• _ACTION ITEM_: All that should come back is the lines of the data below from the one containing "Damen Kinetic Caribou" to the one containing "Giacca di mezza", inclusive, exactly as they stand.

- Opening Delimiter -

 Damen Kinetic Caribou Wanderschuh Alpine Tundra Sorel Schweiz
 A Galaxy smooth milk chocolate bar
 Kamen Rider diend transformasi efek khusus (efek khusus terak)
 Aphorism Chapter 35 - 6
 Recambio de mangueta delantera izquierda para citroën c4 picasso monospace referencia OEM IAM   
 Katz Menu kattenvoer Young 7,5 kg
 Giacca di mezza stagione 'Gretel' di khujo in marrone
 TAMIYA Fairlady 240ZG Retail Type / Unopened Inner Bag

- Closing Delimiter -
- Opening Delimiter -

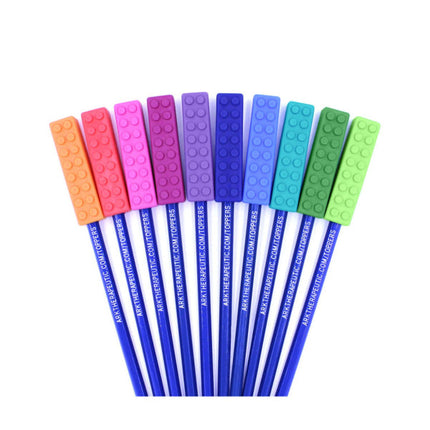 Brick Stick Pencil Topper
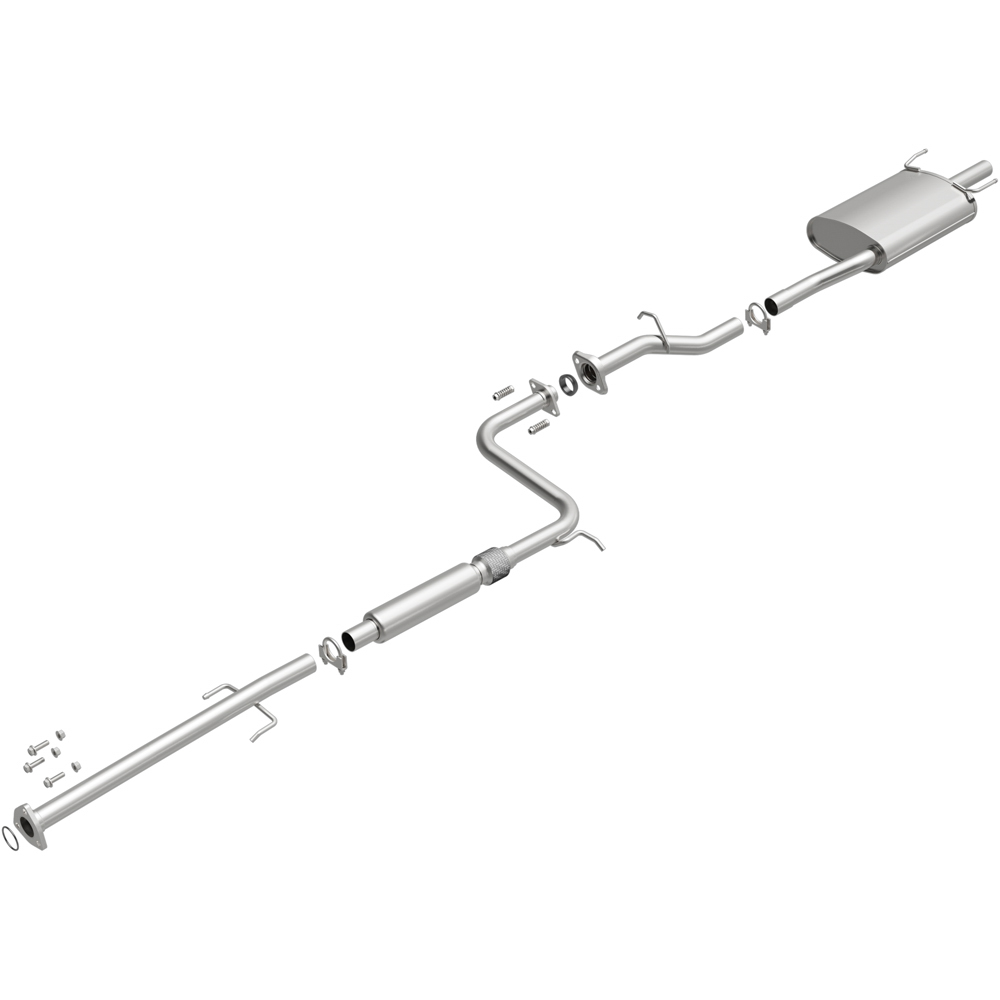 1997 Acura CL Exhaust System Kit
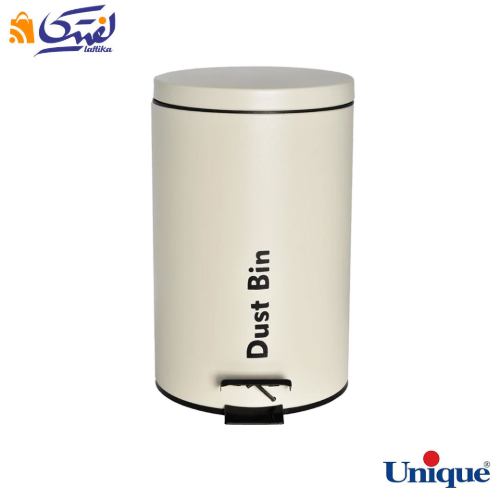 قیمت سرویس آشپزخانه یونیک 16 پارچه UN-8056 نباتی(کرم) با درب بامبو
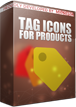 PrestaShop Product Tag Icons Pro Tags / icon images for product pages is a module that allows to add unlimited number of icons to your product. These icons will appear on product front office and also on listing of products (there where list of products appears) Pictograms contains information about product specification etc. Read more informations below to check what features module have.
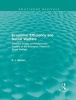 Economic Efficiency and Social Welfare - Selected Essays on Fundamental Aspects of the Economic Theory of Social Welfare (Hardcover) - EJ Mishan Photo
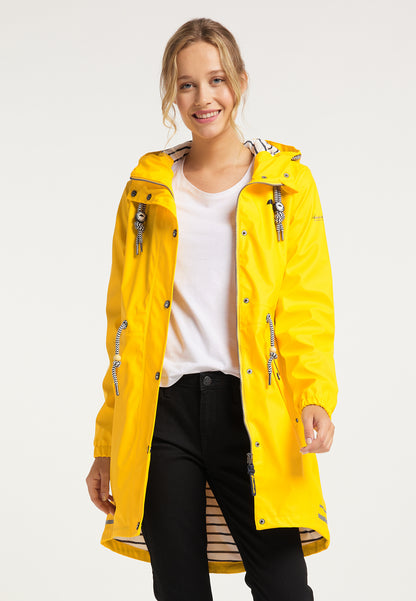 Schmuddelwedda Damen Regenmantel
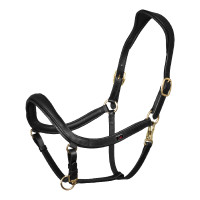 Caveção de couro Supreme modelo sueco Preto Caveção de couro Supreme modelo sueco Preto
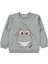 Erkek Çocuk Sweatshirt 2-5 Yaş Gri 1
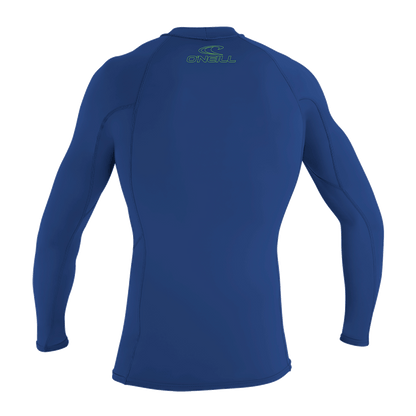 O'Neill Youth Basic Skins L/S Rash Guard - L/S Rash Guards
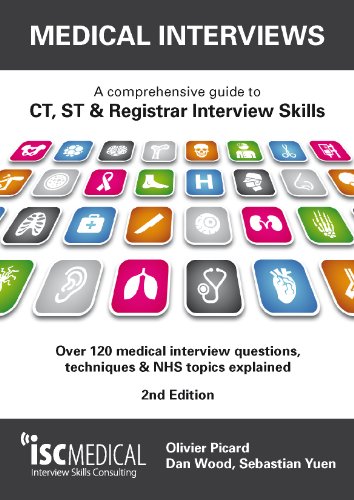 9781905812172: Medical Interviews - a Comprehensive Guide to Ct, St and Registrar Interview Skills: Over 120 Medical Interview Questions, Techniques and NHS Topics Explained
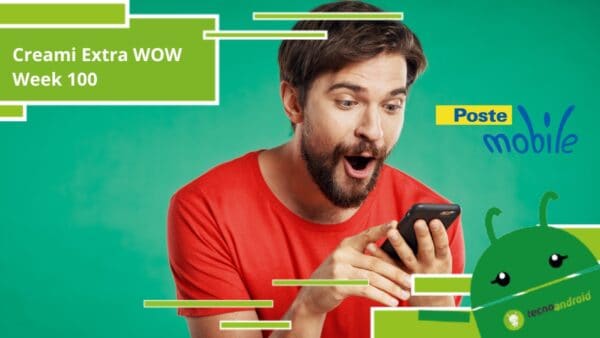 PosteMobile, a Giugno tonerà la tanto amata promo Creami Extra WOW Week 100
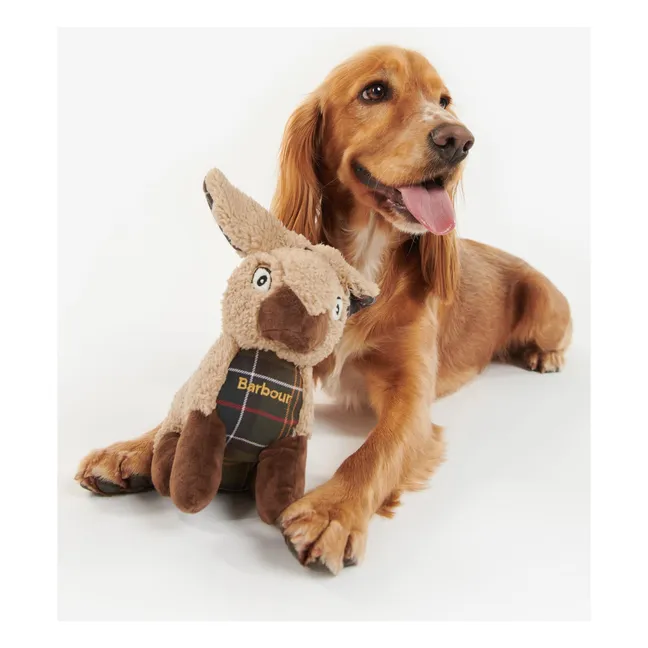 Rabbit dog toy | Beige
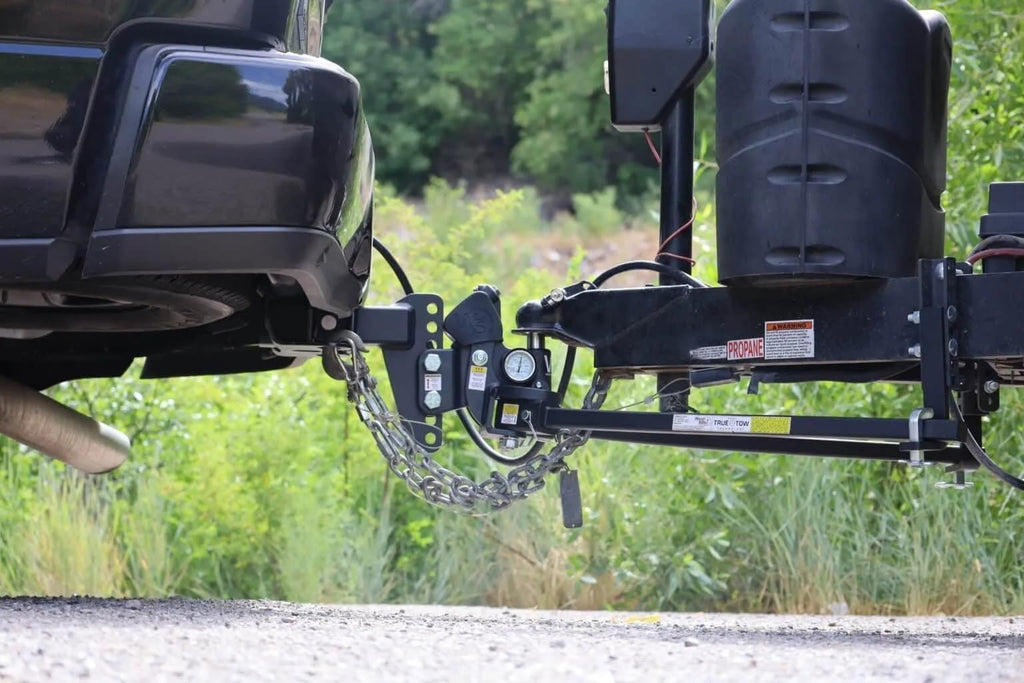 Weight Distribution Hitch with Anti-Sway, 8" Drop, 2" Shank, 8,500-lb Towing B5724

- Closing Delimiter -

• _ANSWER SECTION_:
 Damen Kinetic Caribou Wanderschuh Alpine Tundra Sorel Schweiz
 A Galaxy smooth milk chocolate bar
 Kamen Rider diend transformasi efek khusus (efek khusus terak)
 Aphorism Chapter 35 - 6
 Recambio de mangueta delantera izquierda para citroën c4 picasso monospace referencia OEM IAM   
 Katz Menu kattenvoer Young 7,5 kg
 Giacca di mezza stagione 'Gretel' di khujo in marrone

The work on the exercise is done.